The author understands that the pull of modernity on Jews has been hazardous to them for a long time. He cites Rabbi Isaac Mayer Wise, the leading Reform rabbi of his day in 1883, who was open to replacing certain traditional religious practices with “social justice.” Wise emphasized to his congregation the importance of universalist ethics, but contemporary critic Cynthia Ozick believes this set a dangerous precedent, and calls “universalism the parochialism of the Jews” (a belief attributed to her by Edward Alexander in his The Jewish Idea and Its Enemies). Harvard scholar Ruth Wisse concurs, claiming “the way to overcome antisemitism is to resist the temptations of the universalist illusion – to be more Jewish, not less.”
Even moderate leftists leave Neumann feeling that they have betrayed their own people, and to him this is unforgivable. He finds Michael Lerner of Tikkun magazine very distressing. He feels Lerner cleverly distorts the meaning of “tikun olam” to push forth his liberal agenda, which includes naturalizing illegal aliens in the United States, easing restrictions on abortions, and overhauling the economy to prevent climate change. He is annoyed by the writings of Rabbi Arthur Green, who preaches a philosophy of religious humanism that encourages the interconnectedness of all peoples and a reverence for nature.
Neumann explains that tikun olam is not and has never been a central concept of traditional Judaism. It has been marketed as such, even though there is no foundational basis for this in the religious texts. He believes Jews must observe their unique covenant with God and the Land of Israel and accept that they have an obligation first and foremost to their fellow Jews.

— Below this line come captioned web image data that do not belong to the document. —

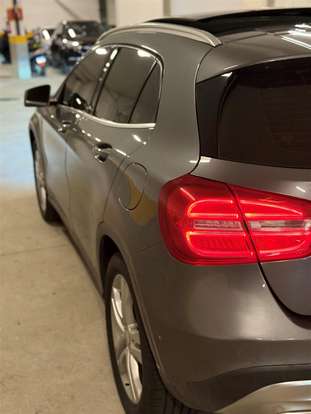 MERCEDES-BENZ-GLA 200-2016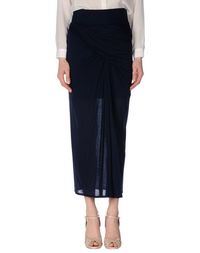 Длинная юбка Helmut Lang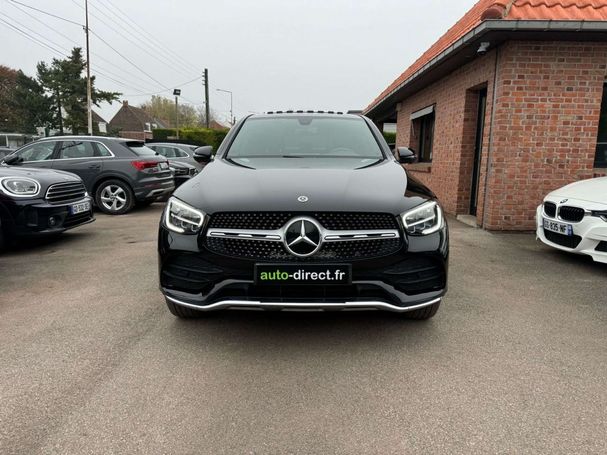 Mercedes-Benz GLC 300 145 kW image number 3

The author makes some very convincing arguments, particularly about the beauty and order that accompany a religious life, and for the need for Jews to stop denying the corrosive antisemitic forces that lace the American leftist movement. He also makes some pressing points about the dangers of assimilation and the alienation of contemporary American Jews, particularly among the younger generation. He provides plenty to think about. His insistence that one learn about one’s religion before jettisoning it also is prudent.
But I feel equally compelled to return to my mother’s Jewish life and Neumann’s condemnation of it. I have memories of listening to her speak about the sanctity of Jewish life, the exceptionality of the Jewish people, and I can still recall her pained silence about the Holocaust. I remember her reminiscences about Jewish life in Brooklyn during the Depression, when one family would discreetly leave a few dollar bills on the kitchen table of another family that was in greater need. I can still hear her lecturing me on how important it is to treat others with kindness and to stand up to those who malign others. My most moving recollection is the stories she would tell me about my maternal grandmother, whom I never met, who would sing melancholy songs in Yiddish as she looked out her small kitchen window as my mother watched, hearing a sadness in her voice that remained with my mother, and then with me, forever.
Somehow, Neumann waving a magic wand over her life and deeming it insufficient seems inappropriate and overreaching. Who is he to decide? Isn’t he, perhaps without meaning to, erasing some of the very Jews he claims he is so eager to protect, the very same Jews who would never think to insist that he change his ways for them?